For each corps d’armée of which an army is composed a chief surgeon should be placed upon the staff of the commander of the corps. He should have an assistant and a clerk. If the corps is more than 25,000 strong, he should have two assistants. He should have also an acting assistant quartermaster and commissary. This officer will take charge of the ambulance and supply trains, and when temporary hospital arrangements are to be made for the corps he will provide the tents and buildings, and will see to the drawing and placing in position of the necessary subsistence. While we were on the Peninsula I knew in two instances the valuable time of a medical officer wasted in the effort to get from commissaries subsistence for which his patients were suffering, and for which he had an order from headquarters. This officer would take charge of the hospital train upon a march, see that the wagons were not misapplied, distribute them to the brigades and regiments upon their arrival in camp, muster, pay, and subsist the teamsters, forage the horses, &c.

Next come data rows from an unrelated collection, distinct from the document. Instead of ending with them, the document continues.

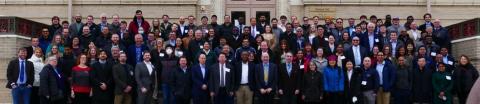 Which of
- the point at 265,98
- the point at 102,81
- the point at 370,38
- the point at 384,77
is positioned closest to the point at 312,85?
the point at 265,98

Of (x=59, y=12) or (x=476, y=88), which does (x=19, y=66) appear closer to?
(x=59, y=12)

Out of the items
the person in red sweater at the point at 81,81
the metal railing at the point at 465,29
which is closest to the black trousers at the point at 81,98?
the person in red sweater at the point at 81,81

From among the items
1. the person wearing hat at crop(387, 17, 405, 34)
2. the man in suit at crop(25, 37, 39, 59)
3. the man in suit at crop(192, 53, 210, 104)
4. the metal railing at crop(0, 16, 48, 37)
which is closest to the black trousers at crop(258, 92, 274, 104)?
the man in suit at crop(192, 53, 210, 104)

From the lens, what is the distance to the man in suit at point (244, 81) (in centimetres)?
1152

The guard for the hospital train would be the Ambulance Corps if a regular ambulance corps is authorized, or the drilled hospital attendants if we are compelled to use them upon the plan adopted in Washington. In the latter case we might by this means hope to keep these men together. They could not very well be removed and their places supplied by uninstructed men or not at all, at the caprice of colonels.

The chief surgeon of the army should have on his staff one experienced medical officer of the army for each corps d’armée, to be kept constantly employed in sanitary inspections. It is in the field we want these officers, and where, in my view, their duties are all-important. No medical man of less than ten years military training is, in my opinion, competent to perform these duties in the field. Any intelligent physician can inspect the police of a city hospital. One inspector cannot do justice to more than 25,000 men. This I know from experience.

The chief surgeon of the army, the chief surgeon of the corps, and the inspectors should constitute a council of health, and should assemble weekly if practicable, examine the medical reports, the reports of the inspectors, &c., deliberate upon all matters pertaining to the health of the army, and submit through the chief surgeon to the commanding general the result of their deliberations.

Batteries having no regimental organization, or at least not acting [196] together as regiments, should have an adequate medical force. I should recommend one surgeon as administrative officer for each eight batteries, and one assistant surgeon for each battery. An army in the field must have its general supply train or transports for hospital supplies. Amedical purveyor or storekeeper will be in charge of these stores. To get supplies from the purveyor’s store to the troops I found very perplexing, both in Washington and on the Peninsula. Now, by having an assistant quartermaster attached to the chief surgeon of each corps, with the hospital train under his charge, this difficulty is at once obviated.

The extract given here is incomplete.